This book begins right where it ought to, with this in the Introduction: “The lands in what is currently known as the United States encompass the homelands of 574 federally recognized American Indian tribal nations, as well as hundreds more state-recognized and non-recognized tribal nations. In addition, through later acts of land seizing — and in the case of the Hawaiian Kingdom, illegal overthrow — our extended Indigenous community also includes Kanaka Maoli and Alaska Native people.”

It is these groups that are the sources for the people profiled here. It’s possible that none of the names will already be familiar to you, and that is why the book is important. We hope that every public library in the United States will purchase a copy.

Jessie Little Doe Baird, born 1963, is a citizen of the Mashpee Wampanoag nation, the people who met the Mayflower in 1620. She is a linguist and language revitalization advocate, a MacArthur Foundation “Genius Grant” recipient, seeking to revive the language of the Wampanoag people.
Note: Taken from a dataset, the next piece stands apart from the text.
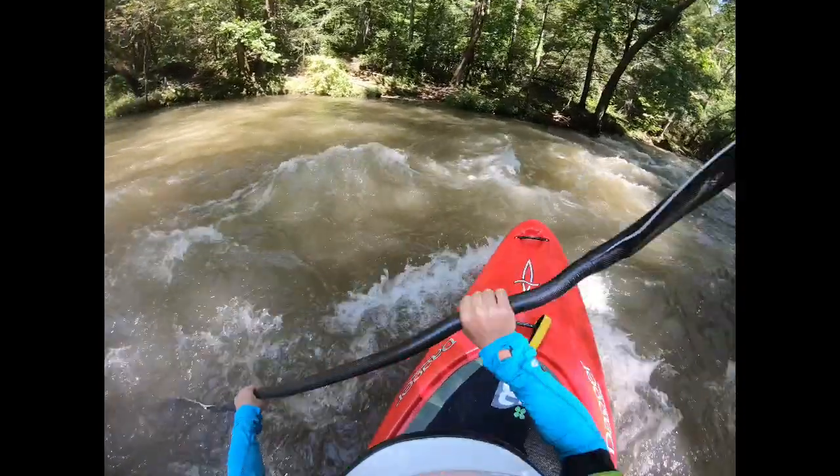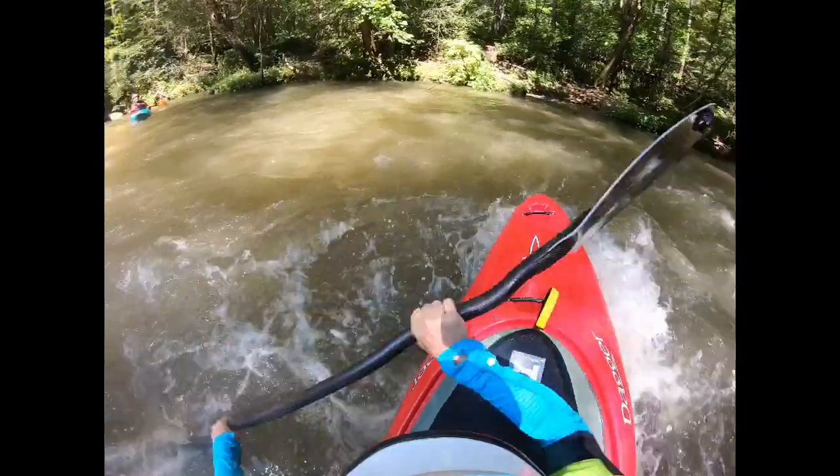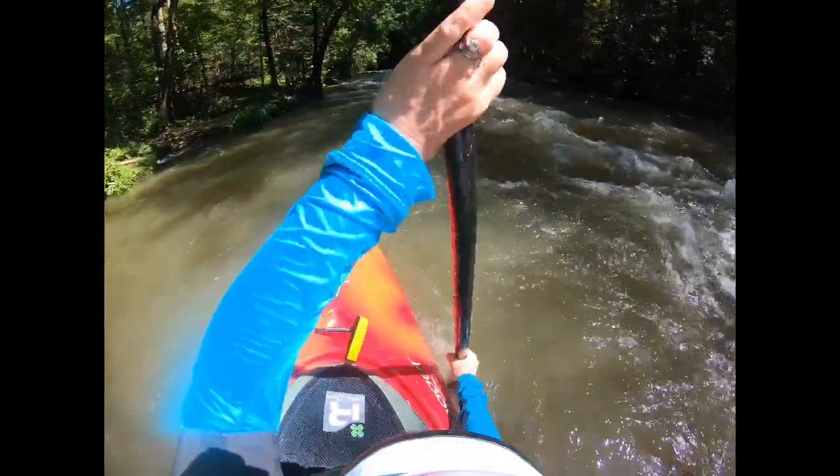This first part we're going to break down the angle — you see 45 degrees to the current and a little bit of edge. Notice how I maintain that angle the whole way across, so let's talk about that.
Rowen White, born 1979, is a member of the Akwesasne Mohawk community, with a passion for what is called “seed sovereignty” — the right of communities to control and protect their seeds. As author Adrienne Keene explains, it was while a student at Hampshire College that White “began to see seeds as relatives and connections to our ancestors.” Seed sovereignty is particularly important to Indigenous people because “many crops that Native people carefully cultivated and relied upon for centuries were lost or nearly lost during colonization, when settlers purposefully destroyed Indigenous food systems.”

These are simply the first two profiles. There are 48 more. Most are of living Indigenous people, the youngest born in 1992: Kyrie Irving, a famous NBA basketball player whose mother was Lakota, born on the Standing Rock Reservation, but was adopted out of the Indigenous community. She died when Irving was only four. Keene tells us, “In 2018, the tribe hosted a 'welcome home' ceremony for Kyrie and his older sister.”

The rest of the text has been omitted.